FIG. 8 illustrates the arm 60 in the expanded position. The parallelogram linkage drives the telescoping portion 94 radially outward from the tool string axis 62 and positions the telescoping portion 94 substantially parallel to the tool string axis 62. The first segment 80 is positioned at the angle 150 with respect to the tool string axis 62, the second segment 82 is positioned at the angle 152 with respect to the tool string axis 62, and the link arms 86 are positioned at the angles 154, 156 with respect to the tool string axis 62. The illustrated angles 150, 152, 154, and 156 are larger than in FIGS. 3-7 due to the rotational movement about the respective pivot points driven by the biasing members. As such, the telescoping portion 94 is at the extended position. In embodiments, the telescoping portion 94 may include one or more limiters to block further extension of the telescoping portion. It should be appreciated that outward forces (e.g., forces acting radially inward toward the tool string axis 62), such as the force of the formation against the arm 60, will drive the arm 60 back toward the retracted position. For example, as the downhole tool 28 is removed from the wellbore 14 the diameter of the wellhead assembly may decrease such that a force drives the arms 60 back to the retracted position.

FIG. 9 is a partial detailed isometric view of an embodiment of the downhole tool 28 illustrating the pivot block 76. In the illustrated embodiment, the pivot block 76 includes channels 78 to direct flexible sensor tubes 170 toward the bulkhead 66. In embodiments, the flexible sensor tubes 170 extend to the one or more sensors arranged on the first segment 80, second segment 82, link arm 86, and/or telescoping section 94. The pivot block 76 also includes the pivot points 84, 92 for coupling the first segment 80 and the link arm 86, respectively.
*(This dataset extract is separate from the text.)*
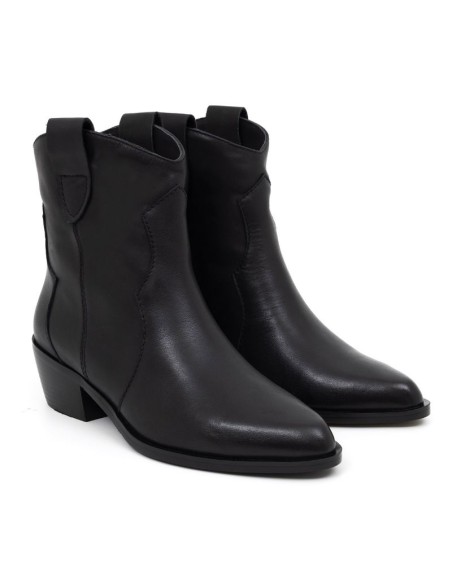 Botines de mujer de piel liso color negro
In the illustrated embodiment, the first segment 80 and the link arm 86 are both rotating about respective axes 140, 144 to transition the arm 60 to the extended position. In various embodiments, the first segment 80 may store into a recess 172 formed in the pivot block 76 when in the retracted position. In the illustrated embodiment, each first segment 80 has a respective recess 172 for reach respective arm. However, in various embodiments, the recess 172 may accommodate more than one first segment 80. As a result, the outer diameter 120 may be reduced.

FIG. 9 further illustrates the coupling 98 between the first segment 80 and the telescoping section 94. As described above, in various embodiments the coupling 98 may be a pin coupling or any type of rotatable coupling to facilitate rotation of the first segment 80 with respect to the telescoping section 94.

FIG. 10 is a partial cross-sectional view of an embodiment of the downhole tool 28 illustrating the bulkhead 66, the pivot block 76, and biasing members 180 coupled to the first segment 80. The bulkhead 66 receives the flexible sensor tubes 170 from the channels 78 of the pivot block 76 via the apertures 72 for coupling to one or more controllers 40 containing electronics, such as microprocessors and non-transitory machine readable memory. The bulkhead 66 may include one or more seals to block fluid ingress toward the electronics.

The illustrated embodiment further includes the biasing member 180 arranged to couple to the first segment 80 and the pivot block 76. In various embodiments, the biasing member 180 is a leaf spring, which may be thin, to thereby facilitate placement on the pivot block 76. As shown in FIG. 10, the biasing member 180 is coupled to a single arm 60, thereby enabling independent movement of the arms 60 relative to the tool string axis 62. Advantageously, such an arrangement enables the arms 60 to deploy radially at different positions in the event that the wellbore 14 is not uniform.

The illustrated biasing member 180 is shown in a partially uncoiled or partially uncompressed position where a force is applied to the first segment 80. In various embodiments, the biasing member 180 includes first and second extensions 182, 184 for coupling to the first segment 80 and the pivot block 76. The respective couplings 186, 188 may be rigid or enable rotation between the biasing member 180 and the first segment 80 and/or the pivot block 76. In certain embodiments, a force provided by the biasing member 180 is particularly selected to drive the arms 60 to a predetermined radial position relative to the tool string axis 62. In this manner, outward movement of the arm 62 may be facilitated without utilizing motors or powered drivers.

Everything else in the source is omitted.